The restaurant will raise issues of corked wines with their supplier. Many wine producers have shifted from natural corks to plastic corks or metal screwcaps to ensure that wines are not corked. Those that continue to use corks have shifted from chlorine-based cleaners, which trigger corking.

Anonymous 0 Comments

The smell/taste of the wine is not to make sure it’s to your taste preferences. It’s intended to discern whether the wine has gone bad (e.g., if stored improperly).

If that’s the situation, they’ll bring another bottle. The restaurant would eat that cost (Edit: See some comments below, I’m told they don’t eat the cost, they have insurance and ultimately the money would get recouped). They wouldn’t be serving the first bottle anyway, if it’s gone bad. It’d be like cooking and serving a piece of meat that spoiled.

Anonymous 0 Comments

They don’t give a flick if you like it or not.

We’ve given up on corks for most wines in Australia because screwcaps don’t have this problem. But the server is politely letting you check the wine before serving it out and leaving so you can check it hasn’t gone bad. If it has, they just bring another one.

Anonymous 0 Comments

It’s not about if you like it or not, that is done so you can make sure the wine hasn’t gone bad, if indeed it’s bad you should get a new bottle or choose a different wine. If you simply don’t like it you still have to pay for it wether you drink it or not

Anonymous 0 Comments

Nearly everyone is saying • to discern whether the wine has gone bad • to determine if the wine is corked • etc.

But there are still rare exceptions. I attended a wedding dinner at a snooty restaurant with a wine list the size of an old Manhattan phone book, and one V.I.P. ordered a $300 bottle, specific vineyard, specific year, etc …

**From the taste**, he could determine it was not what was ordered, apparently an adjacent year — so he refused it.

Both the sommelier and the house manager came by the table and apologized **profusely** for the error.

(And I’m guessing the back-of-house staff got to enjoy a $295 bottle of wine for themselves!)

Anonymous 0 Comments

I’ve rejected a bottle once.

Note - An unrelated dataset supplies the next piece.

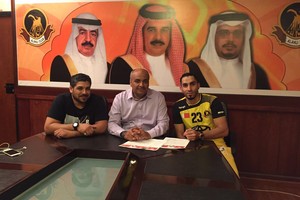 علي يوسف يوقع لـ 'يد الأهلي' لثلاثة مواسم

It was at an important to me corporate dinner meeting, and it was a very expensive bottle. The cork had wine stains up to the top of the cork. For some reason I was chosen to taste. Didn’t like. Made a comment. Boss gave me a strong side eye.

Had them pour another sip to a French colleague who stated “Zis is not of the same quality” and we got a new bottle brought out.

Anonymous 0 Comments

The sample is to check if the wine has gone bad.

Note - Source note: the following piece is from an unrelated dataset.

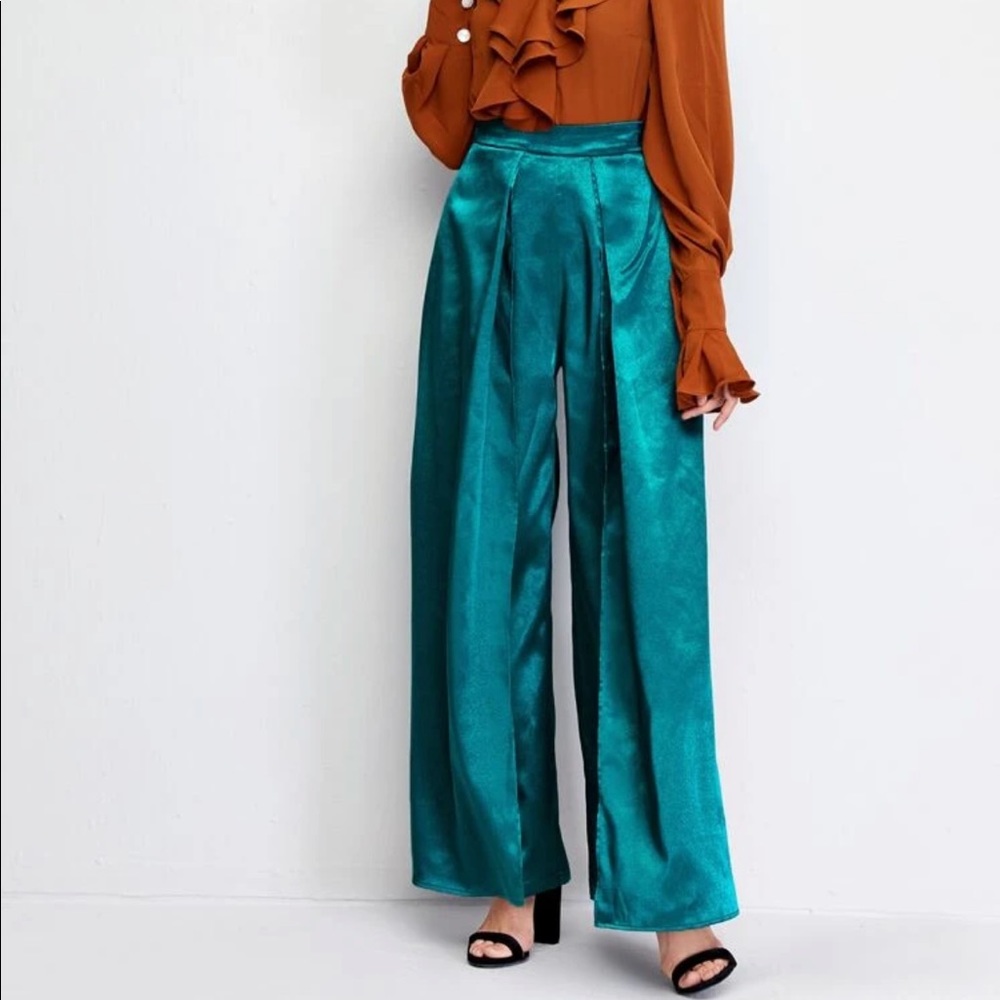 Wide leg elegant emerald satin pants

Because wines can be stored for a long time, there is a chance for them to go bad due to imperfect seals, imperfect storing conditions, a bad batch, etc.

If it has turned into vinegar or had some other drop in quality, the customer can return it.

Anonymous 0 Comments

While this is true for ordering a bottle, I should note if you’re ordering by the glass and especially at less snooty restaurants you definitely can ask for a taste before your make up your mind. They often will have an open bottle and there’s no harm in pouring a small sample.

But if you’re ordering a whole expensive bottle it’s a whole different ball game.